In performing MCMC simulations, it is standard practice to 'equilibriate' or 'thermalize' the system and then discard the initial data before useful sampling is done.
My question is about the concept of thermalization itself, not its implementation. In any such MCMC simulation, discarding the first few states amounts to choosing a new initial condition for the Markov Chain. Loosely, what are the features that we expect this initial condition to possess?
I have some ideas:
- It is not an unlikely configuration. Starting from an unlikely configuration could bias the first several measurements heavily, especially in local update algorithms.
- The update algorithm should be able to 'easily transit' out of the state. This is worded poorly, but what I mean is that the algorithm shouldn't be stuck in this state for a long time. That would also bias the measurements.

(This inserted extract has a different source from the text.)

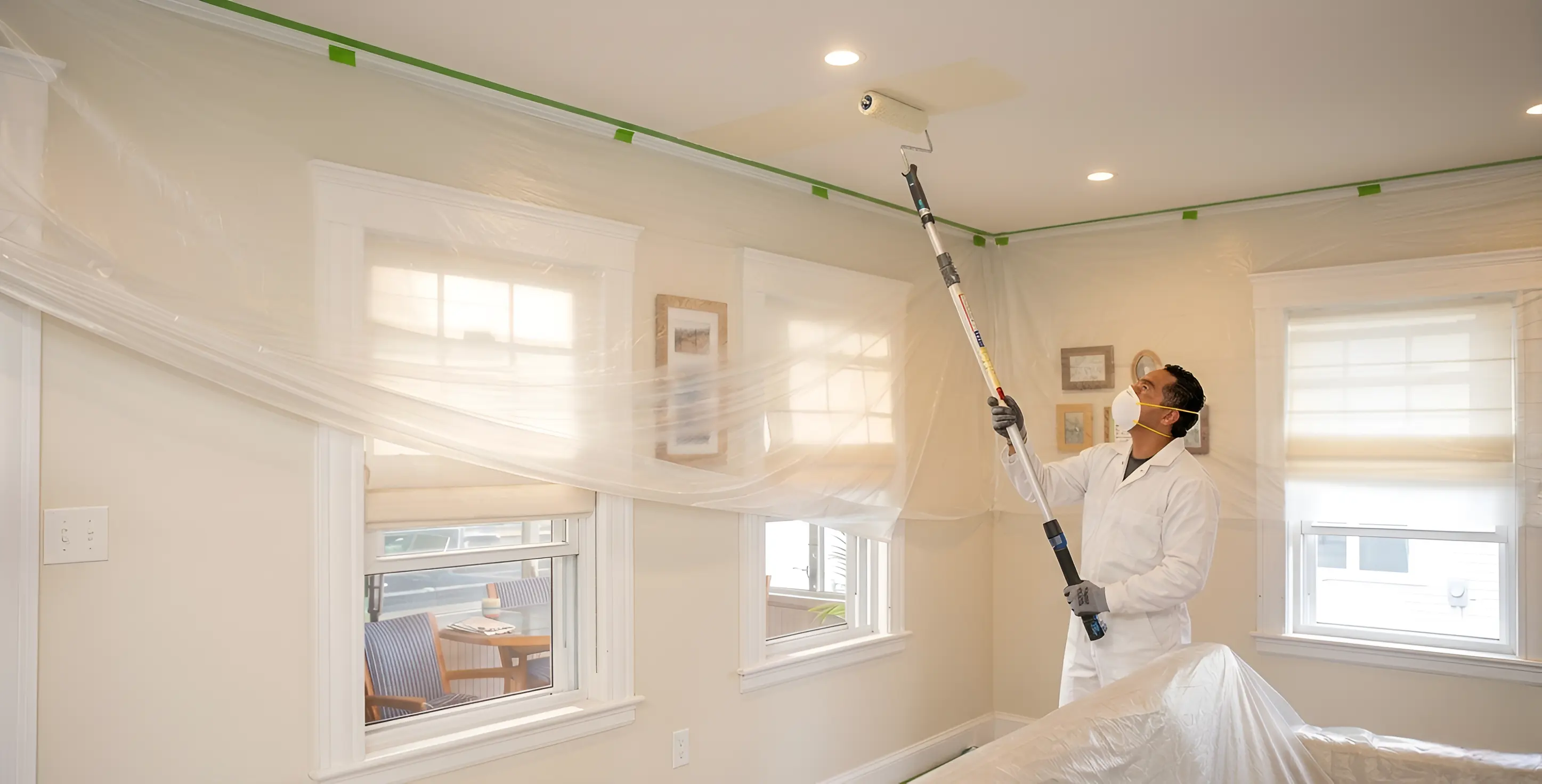 Ceiling painting Havelock North before and after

So it looks like being highly likely/highly unlikely is bad. In the example of the Ising model, this means neither the 'chessboard' configuration nor the all-aligned configuration is a good starting point. I surmise that states having energy closer to the average energy would be better for the job.
Am I on the right track here? If the 'average energy' conclusion works, I don't understand how the thermalization procedure is supposed to return such a state with high likelihood (unless the thermal variance of the energy is small (?)).
I couldn't find any references discussing this (at least the way I've worded it). Sorry if I'd missed something obvious.
Edit: The bulk of my confusion came from thinking of each step of the Markov chain as a single configuration rather than a random variable, a distinction pointed out by Yvan Velenik in his answer below.
Let $X_t$ be the random variable corresponding to step $t$ of a chain. Starting a chain with configuration $S_0$ is not the same as equilibriating a chain after $\tau$ steps and discarding the first $\tau$ (even if one obtains $S_{\tau} = S_0$). The latter chain is expected to produce samples according to the stationary distribution $D$ because $X_{\tau} \sim D$, but the former isn't, because $X_0 \sim \delta(S_0)$, where $\delta(S_0)$ is the distribution in which $P(S_0) = 1$. This is what I'd missed.
A helpful reference is Alan Sokal's notes on Monte Carlo methods, where he also makes the useful distinction between the exponential and integrated autocorrelation times.